Por Henrique Pizzolato: O legado de Leão e o chamado urgente por trabalho e justiça
Por Henrique Pizzolato: O legado de Leão e o chamado urgente por trabalho e justiça

Por Henrique Pizzolato* - 12/05/2025 07:05:45 | Foto: Henrique Pizzolato: Reprodução Youtube / www.vaticannews.va

A escolha de um nome para guiar o pontificado nunca é um ato isolado, mas sim um elo intencional com a história, um aceno a legados que moldaram a trajetória da Igreja e sua interação com o mundo. A ascensão de Leão XIV ao trono de Pedro nos remete, de forma quase imediata, à figura marcante de Leão XIII. No ocaso do século XIX, em meio às profundas transformações da Revolução Industrial, foi ele quem ousou confrontar as novas desigualdades com a encíclica Rerum Novarum.

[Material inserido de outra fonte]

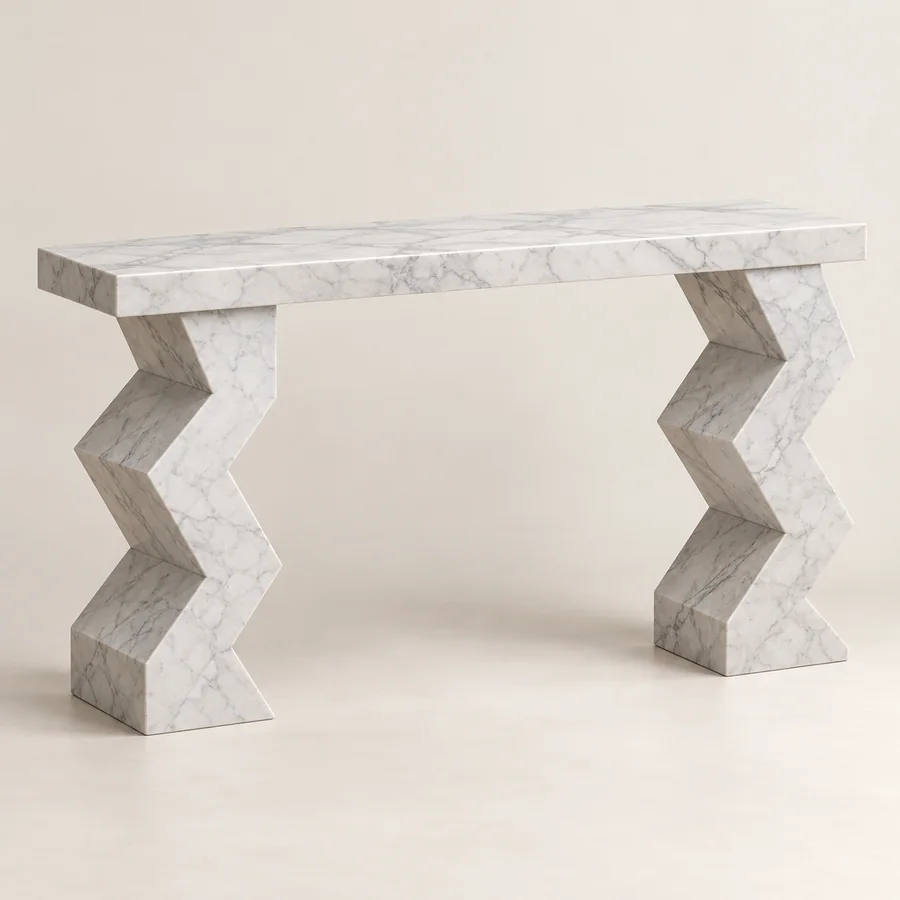 Rectangular Zigzag Base Marble Console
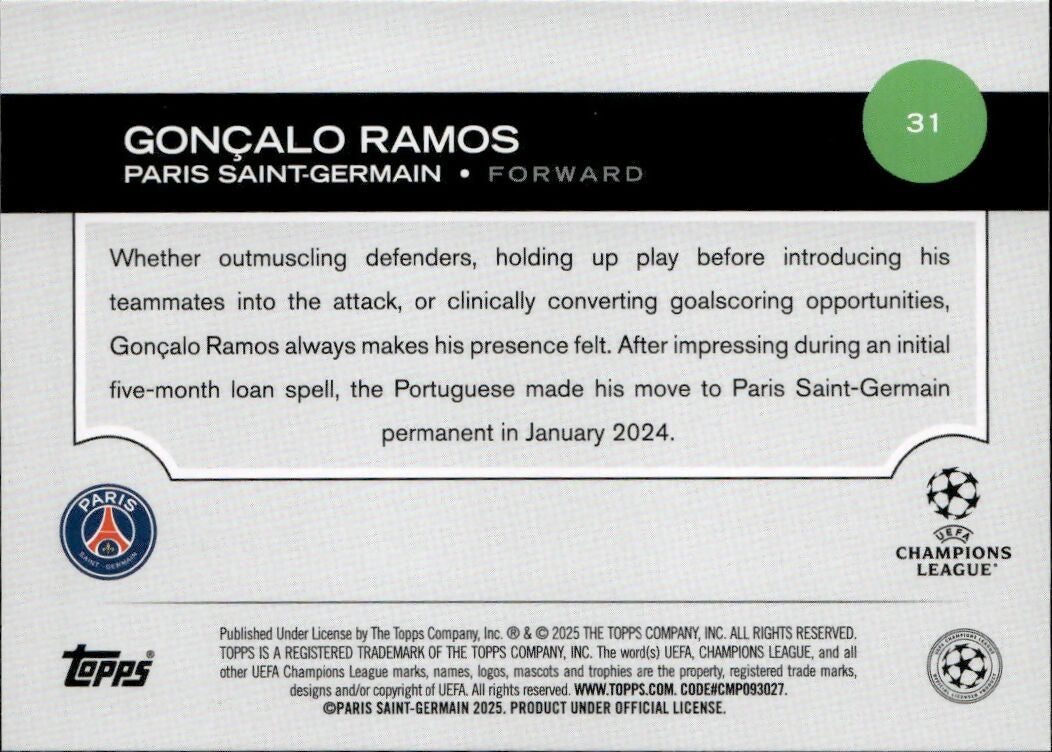 2024-25 Topps UEFA Club Competitions - Base #31 Goncalo Ramos - Paris Saint-Germain - B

Naquele contexto de emergente produção fabril e suas inerentes injustiças, a voz da Igreja se fez ouvir em defesa da dignidade intrínseca do trabalhador, reconhecendo seus direitos fundamentais e a importância da organização coletiva através dos sindicatos. Esse marco histórico reverbera em nossos dias, em um mundo que, ironicamente, parece reviver muitas das tensões de outrora.

Assim como a eleição de Francisco, um jesuíta que abraçou o espírito de simplicidade e serviço de São Francisco de Assis, representou um movimento para recentralizar a atenção da Igreja nos pobres e marginalizados, a adoção do nome Leão por seu sucessor sugere uma renovada preocupação com o universo do trabalho e as crescentes disparidades sociais que o afligem.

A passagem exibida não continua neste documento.